[[ Exercise inputs open ]]
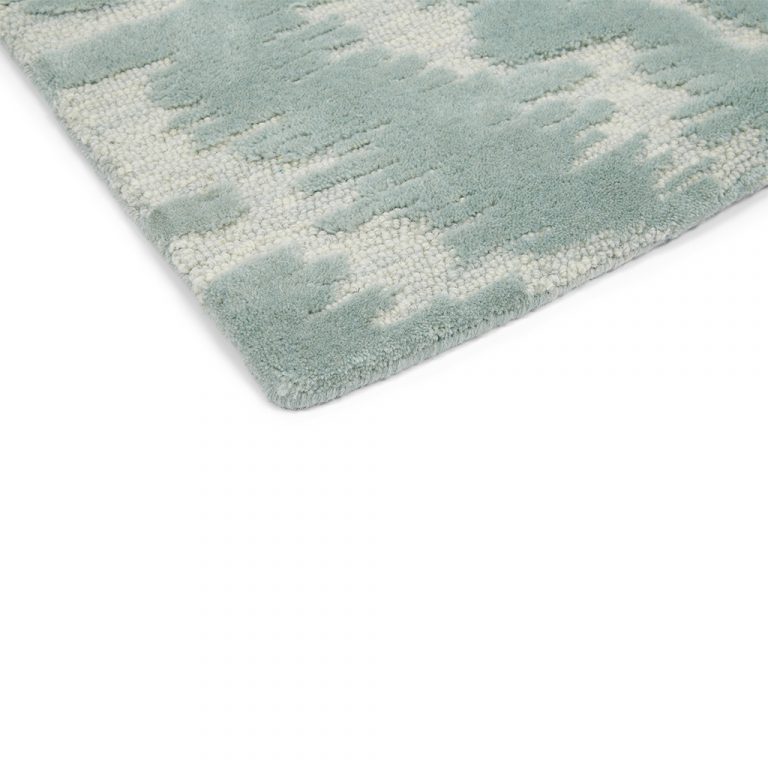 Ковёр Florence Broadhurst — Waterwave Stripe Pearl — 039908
[[ Exercise inputs closed ]]
[[ Exercise inputs open ]]
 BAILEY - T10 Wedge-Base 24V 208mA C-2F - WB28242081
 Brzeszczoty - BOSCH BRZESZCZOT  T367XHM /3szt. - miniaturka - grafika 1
[[ Exercise inputs closed ]]
In the records above, the line with "BAILEY - T10" marks the start and the line with "Brzeszczoty - BOSCH" marks the end; copy that stretch exactly, both lines included, and nothing else.

 BAILEY - T10 Wedge-Base 24V 208mA C-2F - WB28242081
 Brzeszczoty - BOSCH BRZESZCZOT  T367XHM /3szt. - miniaturka - grafika 1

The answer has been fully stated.